*** SUPPLIED INFORMATION ***

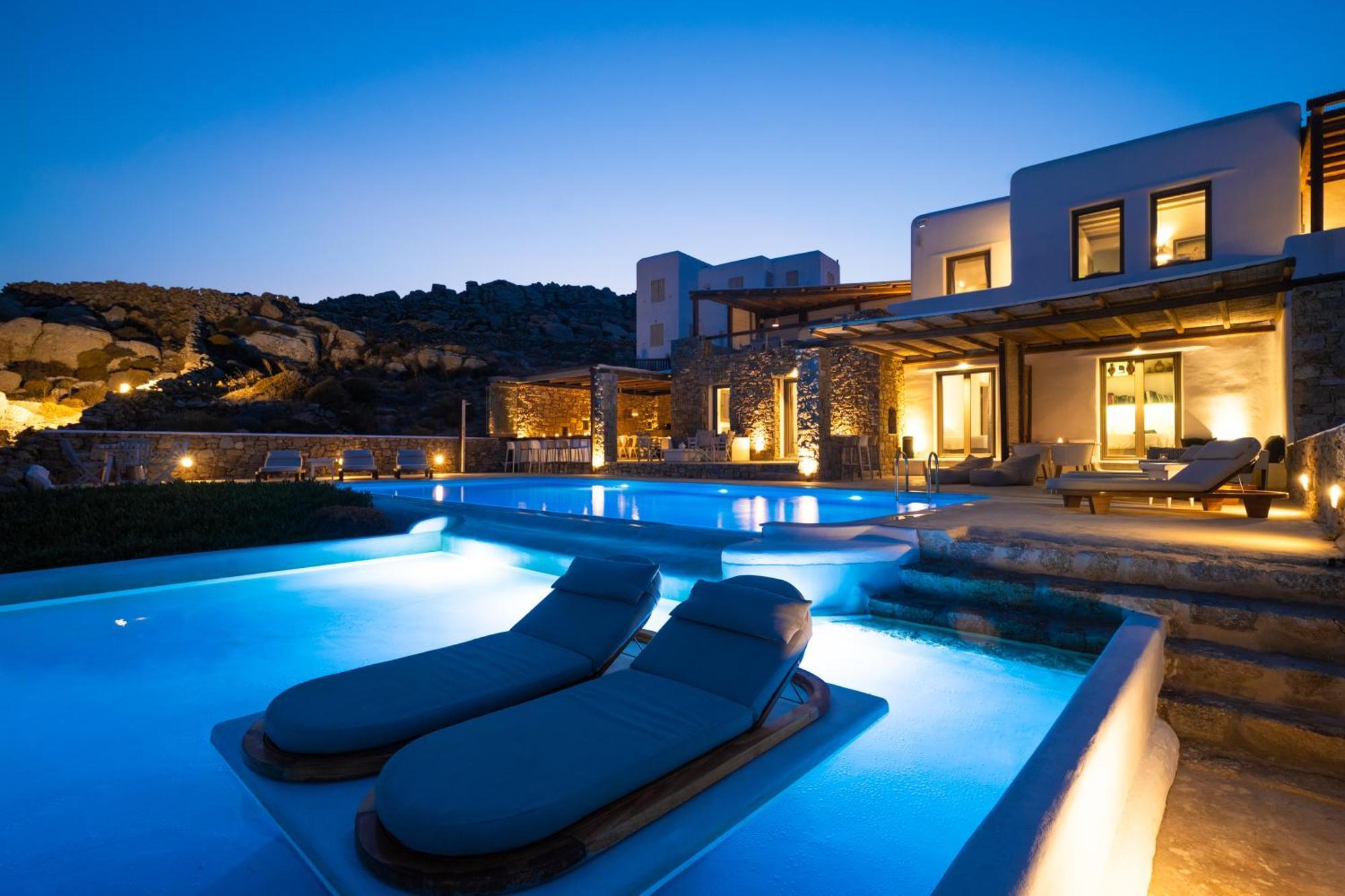 Amallini Suites Mykonos Plaja Super Paradise Exterior foto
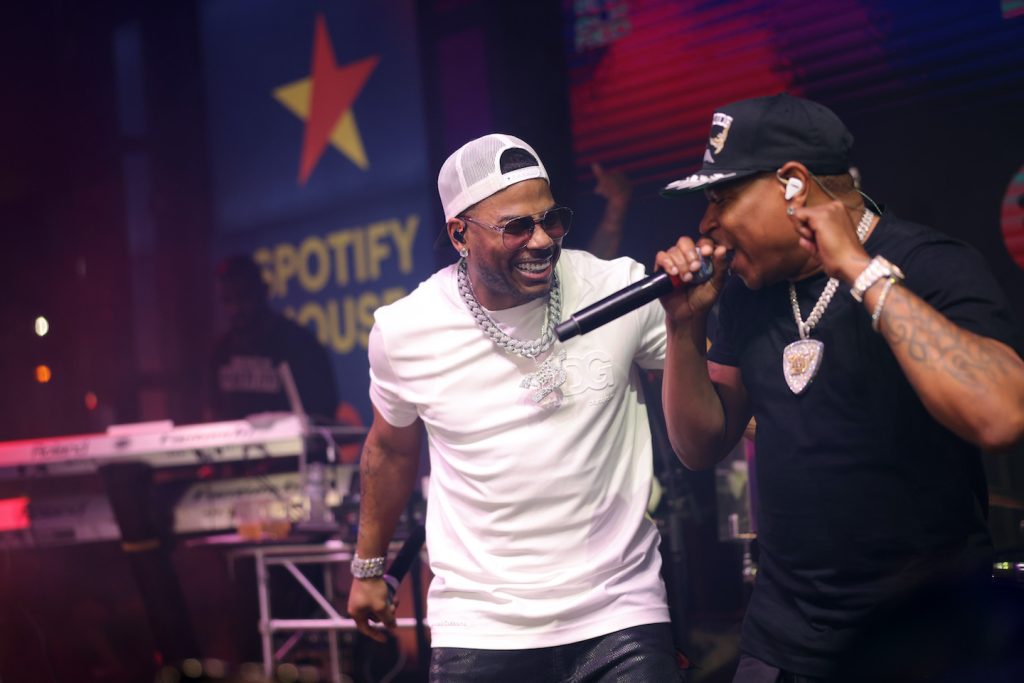 Nelly performs at Spotify House during CMA Fest at Ole Red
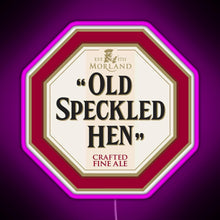 Charger l'image dans la galerie, Old Speckled RGB neon sign  pink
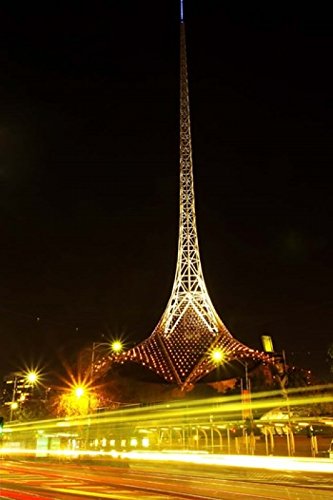 Posterazzi Spire of Victorian Arts Centre Melbourne Victoria Australia Poster Print by David Wall, (17 x 26)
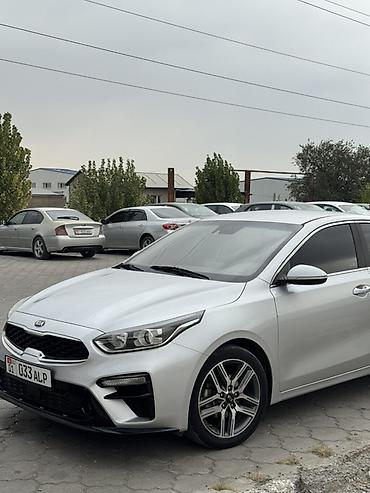 капот матиз 1: Kia K3: 2018 г., 1.6 л, Вариатор, Бензин, Седан — 1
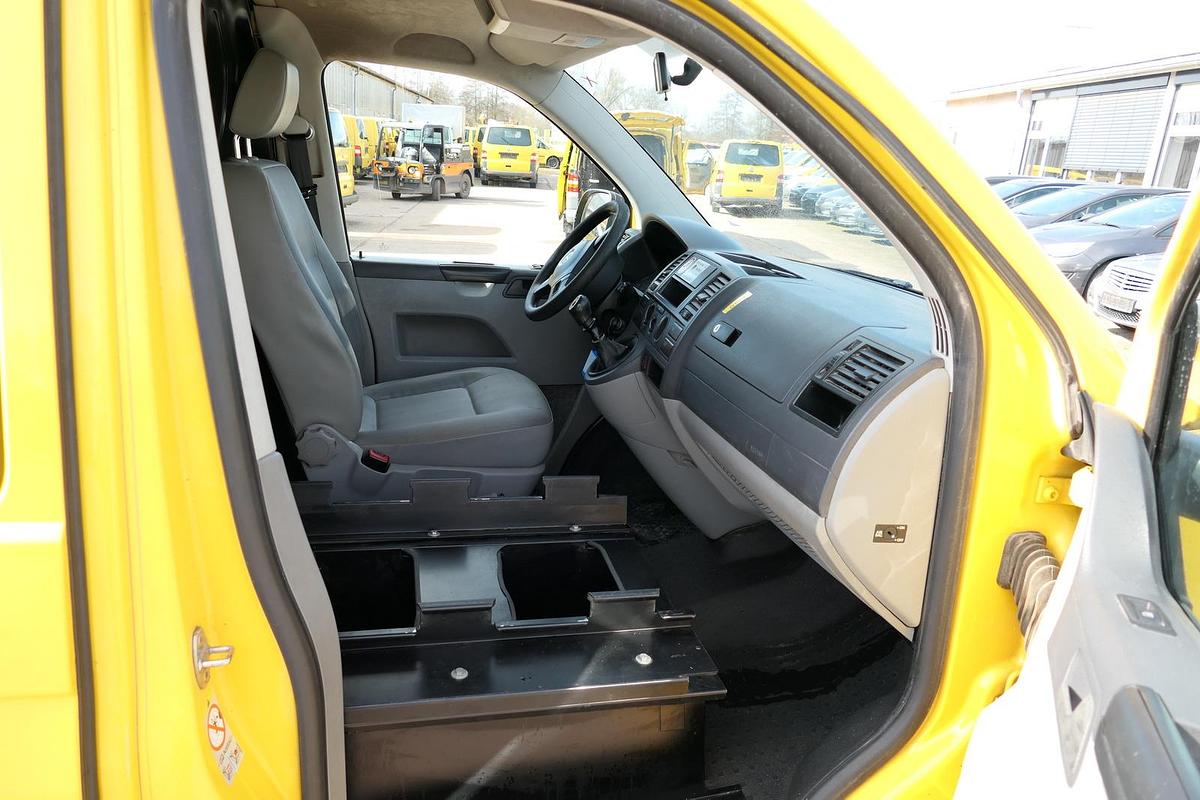 Gebraucht Volkswagen T5 Transporter 2.0 TDI EURO-5 CoC 2xSCHIEBETÜR PARKTRONIK
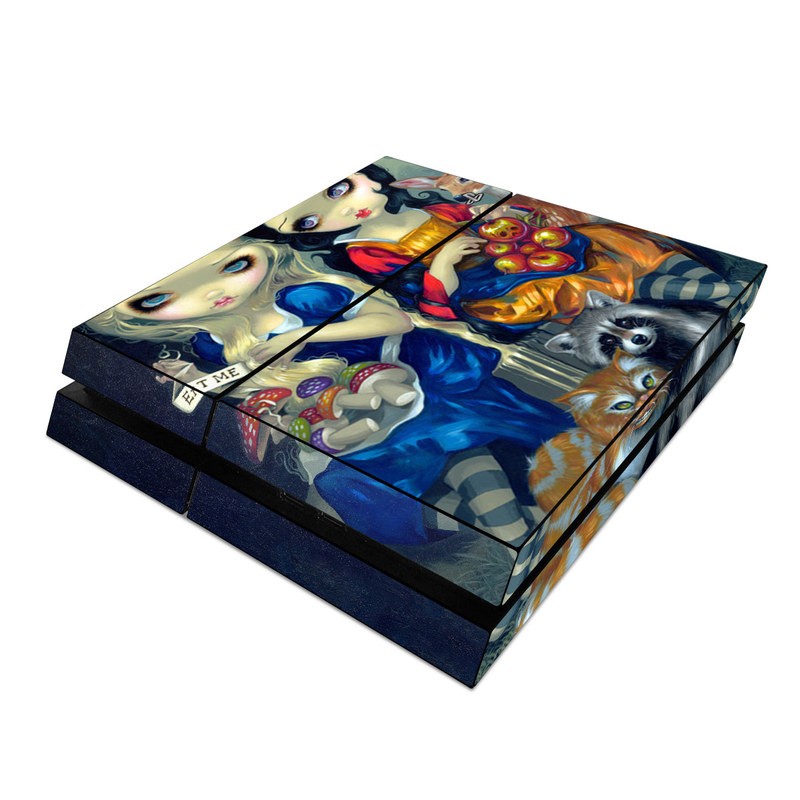 Picture of DecalGirl PS4-ALCSNW Sony PS4 Skin - Alice &amp; Snow White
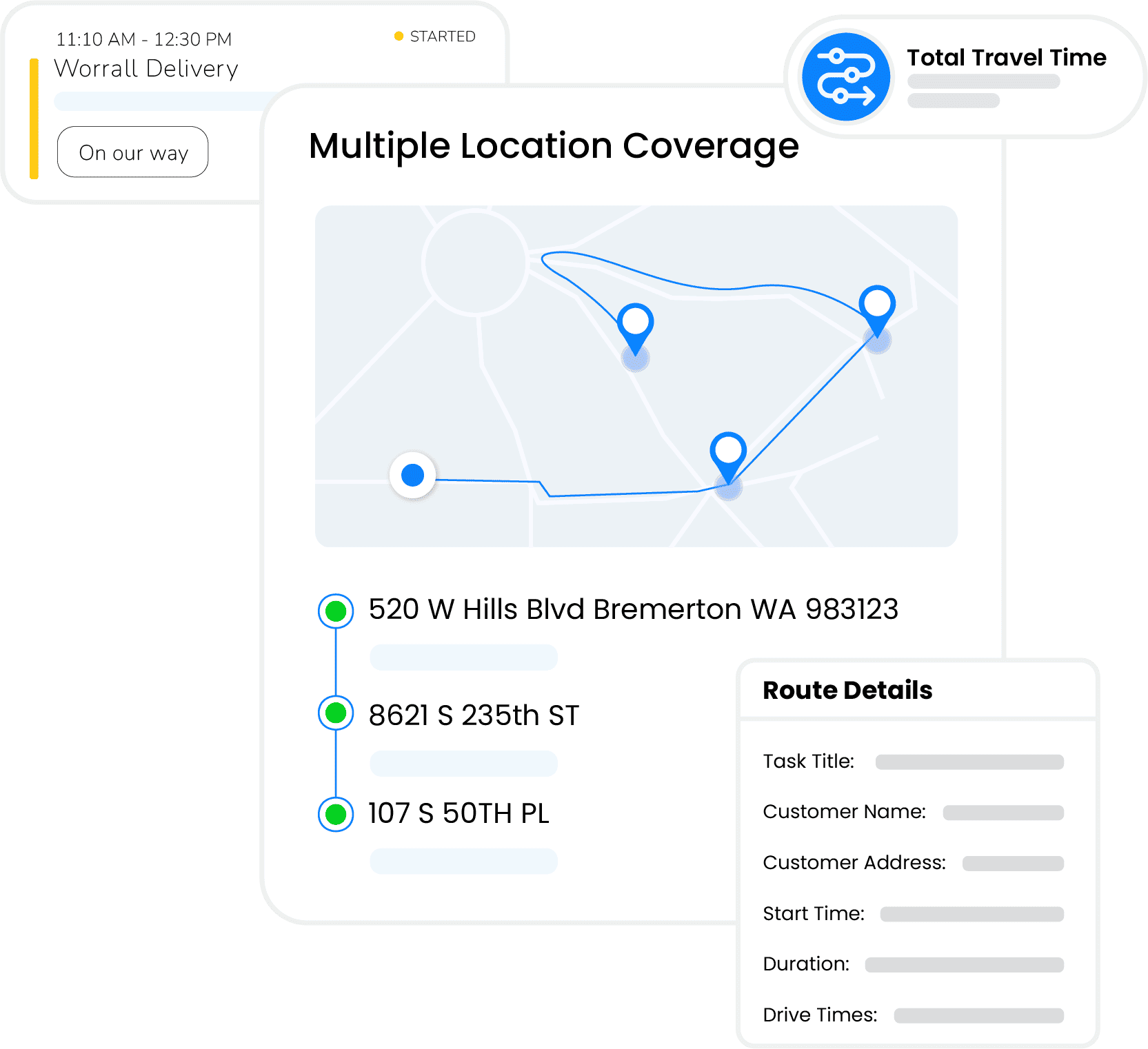 Scheduling and Dispatch Dashboard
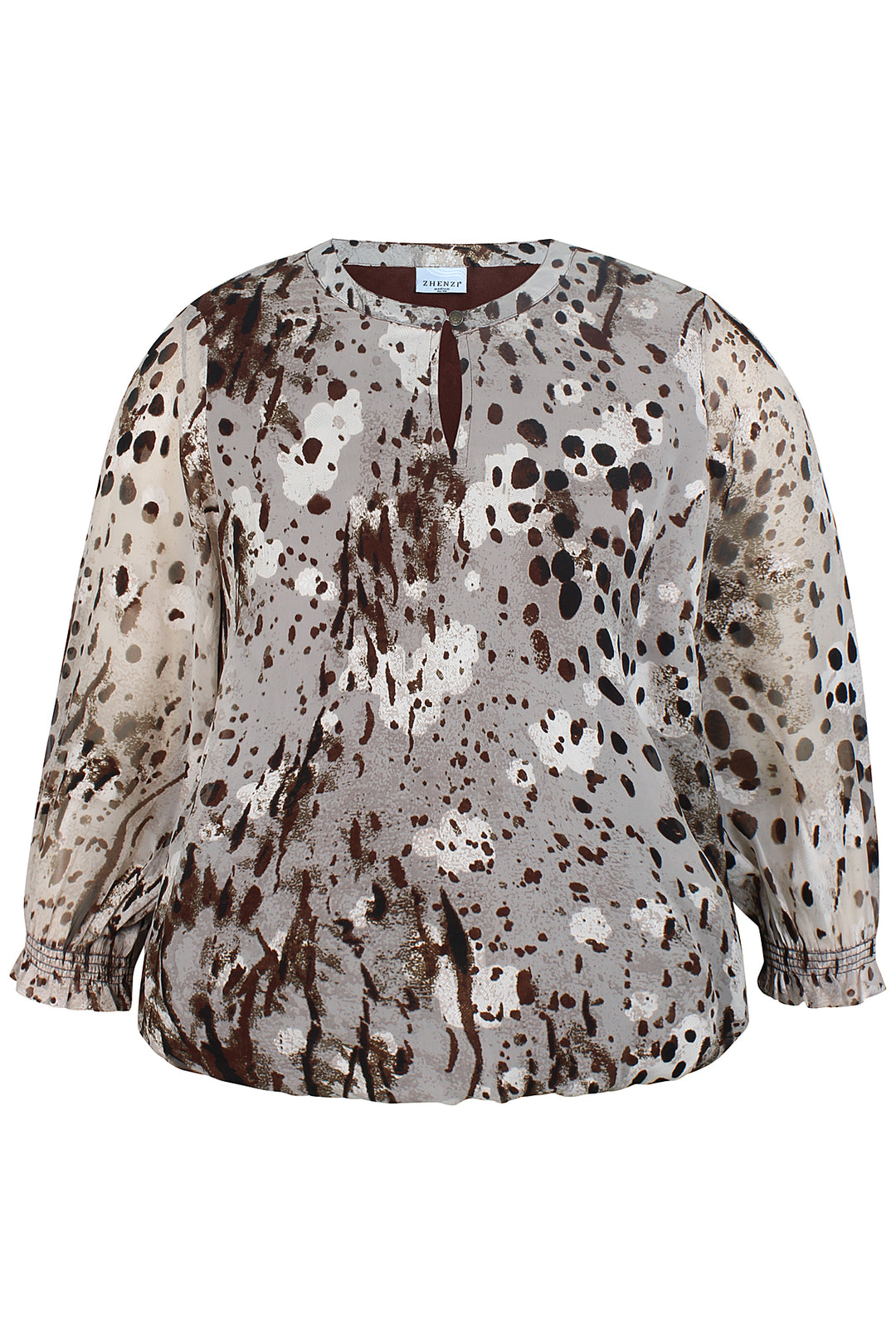 ZH - Libby 1522 - Bluse - Brun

*** End of SUPPLIED INFORMATION ***

== TRY IT ==
Reproduce every entry above exactly, and omit the pictures.

== EXERCISE OUTPUT ==
 Amallini Suites Mykonos Plaja Super Paradise Exterior foto
 Nelly performs at Spotify House during CMA Fest at Ole Red
 Charger l'image dans la galerie, Old Speckled RGB neon sign  pink
 Posterazzi Spire of Victorian Arts Centre Melbourne Victoria Australia Poster Print by David Wall, (17 x 26)
 капот матиз 1: Kia K3: 2018 г., 1.6 л, Вариатор, Бензин, Седан — 1
 Gebraucht Volkswagen T5 Transporter 2.0 TDI EURO-5 CoC 2xSCHIEBETÜR PARKTRONIK
 Picture of DecalGirl PS4-ALCSNW Sony PS4 Skin - Alice &amp; Snow White
 Scheduling and Dispatch Dashboard
 ZH - Libby 1522 - Bluse - Brun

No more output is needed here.